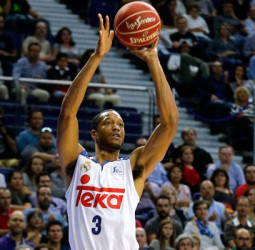 El Madrid gana con autoridad en Valencia y culmina una semana perfecta (75-94)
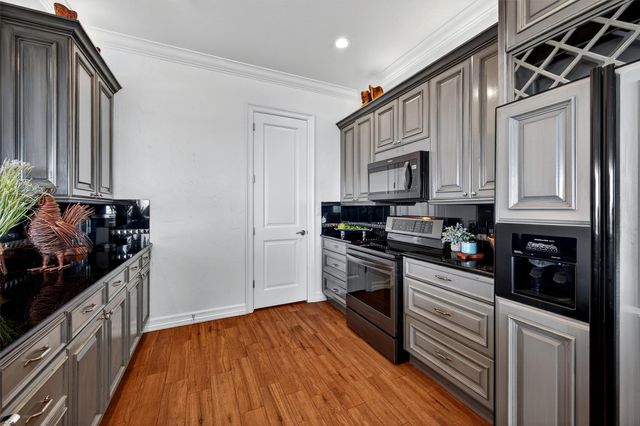 101 Diamond Pointe Loop 5N, Denison, TX 75020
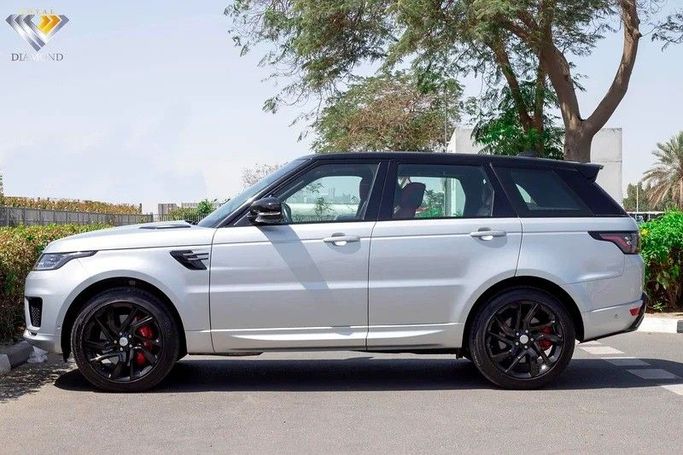 Подержанный Land Rover Range Rover Sport P380 II Рестайлинг, 3.0 л, 2022 в Дубае от Royal Diamond Motors Серебристый цвет. GCC | AUTO.AE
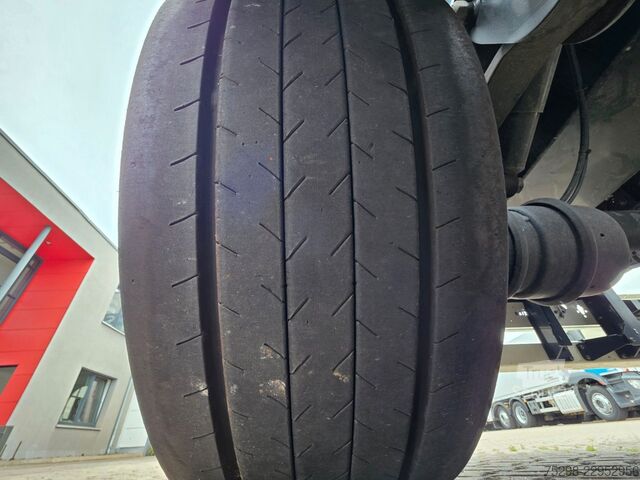 Poluprikolica za izmjenjive sanduke KRONE SD | Teleskop | 11.035mm-12.640mm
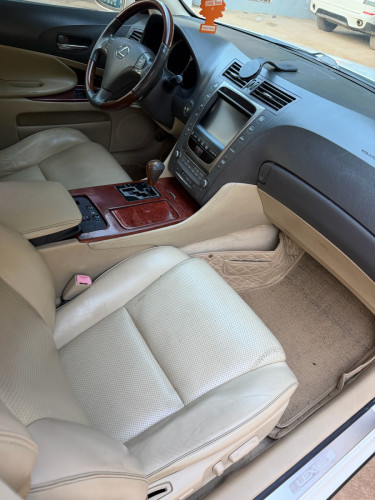 GS 300 full p2 ឆ្នាំ​ 2006 ឯកសារម្ចាស់ដេីមទី1ម៉ាសុីនប្រអប់លេខជេីងក្រោមនៅអេមទាំងអស់ធានាជូន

▸ **REQUIRED WORK**
Your copy must begin at the line containing "101 Diamond Pointe" and end at the last line of the material above. Reproduce each line exactly, but not the pictures.

▸ **WRITTEN RESPONSE**
 101 Diamond Pointe Loop 5N, Denison, TX 75020
 Подержанный Land Rover Range Rover Sport P380 II Рестайлинг, 3.0 л, 2022 в Дубае от Royal Diamond Motors Серебристый цвет. GCC | AUTO.AE
 Poluprikolica za izmjenjive sanduke KRONE SD | Teleskop | 11.035mm-12.640mm
 GS 300 full p2 ឆ្នាំ​ 2006 ឯកសារម្ចាស់ដេីមទី1ម៉ាសុីនប្រអប់លេខជេីងក្រោមនៅអេមទាំងអស់ធានាជូន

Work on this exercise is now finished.